25th September 2013

#

**61**Quote:

It is the general consensus that unless a test implements statistical significance utilizing known probabilities and null hypothesis with a minimum number of trials (10 - 25), and a minimum confidence level of 95%, the test would not be deemed as scientific. Of course, significance testing goes far beyond the field of audio.

A very brief description of ABX testing can be found here, which touches on what I'm referring to. There are very large charts available that list confidence levels achieved based on the number of trials performed and answers given.

IMO, if a test will produce an outcome different than its scientific equivalent, then it is flawed. If you disagree with this, then you're effectively arguing against science.

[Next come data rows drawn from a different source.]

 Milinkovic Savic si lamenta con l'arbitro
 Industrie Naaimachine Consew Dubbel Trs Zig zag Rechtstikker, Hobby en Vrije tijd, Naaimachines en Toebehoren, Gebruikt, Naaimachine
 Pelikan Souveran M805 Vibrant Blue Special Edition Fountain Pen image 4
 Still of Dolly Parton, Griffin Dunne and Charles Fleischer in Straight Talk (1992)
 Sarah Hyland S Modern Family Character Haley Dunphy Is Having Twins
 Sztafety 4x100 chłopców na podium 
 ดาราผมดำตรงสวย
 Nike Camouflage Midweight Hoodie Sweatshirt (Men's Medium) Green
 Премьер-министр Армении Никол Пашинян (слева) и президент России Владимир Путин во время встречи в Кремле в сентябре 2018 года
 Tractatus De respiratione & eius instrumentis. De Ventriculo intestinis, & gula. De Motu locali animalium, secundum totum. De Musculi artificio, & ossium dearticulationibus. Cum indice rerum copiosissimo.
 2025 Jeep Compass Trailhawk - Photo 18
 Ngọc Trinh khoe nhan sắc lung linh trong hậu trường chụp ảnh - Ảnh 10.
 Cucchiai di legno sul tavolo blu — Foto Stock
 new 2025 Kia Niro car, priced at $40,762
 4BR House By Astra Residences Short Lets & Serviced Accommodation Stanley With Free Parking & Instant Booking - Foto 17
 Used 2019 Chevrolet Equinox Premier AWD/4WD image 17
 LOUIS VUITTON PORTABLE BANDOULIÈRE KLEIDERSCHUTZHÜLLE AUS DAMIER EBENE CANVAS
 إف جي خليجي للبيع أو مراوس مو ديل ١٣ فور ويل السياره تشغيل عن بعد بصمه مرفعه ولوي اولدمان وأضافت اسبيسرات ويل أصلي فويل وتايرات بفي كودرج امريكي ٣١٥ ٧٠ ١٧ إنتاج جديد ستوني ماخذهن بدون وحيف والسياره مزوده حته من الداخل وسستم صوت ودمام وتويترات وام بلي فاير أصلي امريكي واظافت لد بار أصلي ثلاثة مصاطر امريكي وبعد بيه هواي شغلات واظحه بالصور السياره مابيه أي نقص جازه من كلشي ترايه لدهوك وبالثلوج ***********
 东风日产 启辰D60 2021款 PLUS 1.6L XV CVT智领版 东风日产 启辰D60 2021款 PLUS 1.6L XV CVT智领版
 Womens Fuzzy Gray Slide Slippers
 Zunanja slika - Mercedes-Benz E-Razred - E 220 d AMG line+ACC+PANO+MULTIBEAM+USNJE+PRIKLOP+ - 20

Is a test that implements less than ten trials, for example, flawed? Based on scientific reasoning, yes. What if, for example, a subject performed ten trials, but chose 7/10 as being their preference. In other words, three times they chose preamp 'B' as their preference, and seven times they chose preamp 'A' as their preference? A person not familiar in the area of statistical significance would likely say that preamp 'A' is definitely their preference. But according to science, it is not! In fact, they do not have a preference according to science (without a minimum degree of certainty). If someone says otherwise, then they should back up your reasoning with science.

In significance testing, we want to be relatively certain that the subject is not guessing, factoring a minimum confidence level of 95%. In other words, if a subject chose preamp 'A' 9/10 times in a

**randomized scientific test**, then we can be highly confident that he/she is indeed not guessing (9/10 trials has a confidence level of over 95%).

Not following the above guidelines is just one of many ways a test can be flawed, but it's not that hard to come up with a test that is reasonably flaw-free.

As this thread goes on, you'll start to see how other flaws will be called out and/or questioned. But, how many tests even follow the above guidelines? 1, 2, 3 maybe on this entire board?